Riprendiamo un argomento “spinoso” all’interno delle organizzazioni socio-sanitarie a circa un anno dall’emanazione, da parte dell’Inail (dipartimento di medicina, epidemiologia, igiene del lavoro e ambientale), delle «Indicazioni operative dell’Inail per la gestione della sicurezza e della qualità in risonanza magnetica» (2015) e a oltre una decade dal precedente documento «Indicazioni operative: procedure autorizzative e gestionali relative all’installazione ed uso di apparecchiature diagnostiche» (2004). Obiettivo: fornire ai dirigenti della sanità (pubblica innanzitutto) alcuni non immediati elementi gestionali più squisitamente trasversali cui dovrebbe seguire una giusta azione da parte delle funzioni tecnico-amministrative. Queste ultime (ai sensi del codice civile e, per gli appalti pubblici, in applicazione anche del D.Lgs. n. 163/2006) provvedono alle gare, di appalto per la realizzazione dei siti, nonché – e forse ancor più – alle gare di manutenzione.

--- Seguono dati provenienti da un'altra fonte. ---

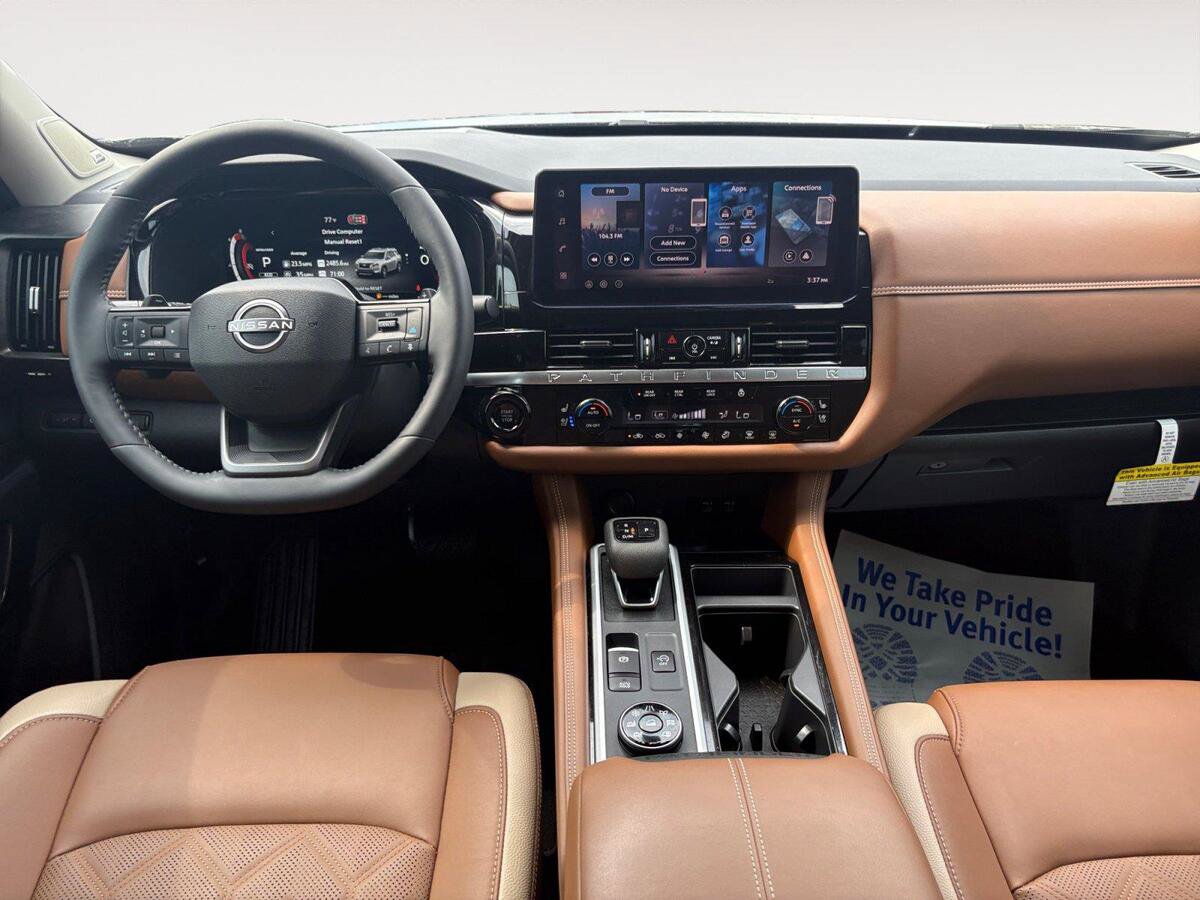 New 2026 Nissan Pathfinder Platinum AWD/4WD image 10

Va segnalato che il documento emanato nel 2015 è destinato in chiaro anche alle aziende sanitarie locali le quali, in sinergia con l’Inail, svolgono – ai sensi dell’art. 7 del D.P.R. n. 542/1994 nonché dell’art. 9, comma 6, lettera i) del D.Lgs. n. 81/2008 – le attività di vigilanza e controllo «al fine di vedere sempre garantita, sull’intero territorio nazionale, una uniforme e univoca applicazione degli standard di sicurezza normativamente vigenti». Non da ultimo, è utile proporre il seguente tema: i moderni “tomografi di risonanza magnetica a magneti superconduttori” (a differenza delle altre apparecchiature elettromedicali ricadenti nell’ambito della direttiva dei dispositivi medici), sono caratterizzati da una parte di impianto sempre attiva, con alcune complicazioni che questa condizione determina anche in termini di gestione dei rischi sui luoghi di lavoro).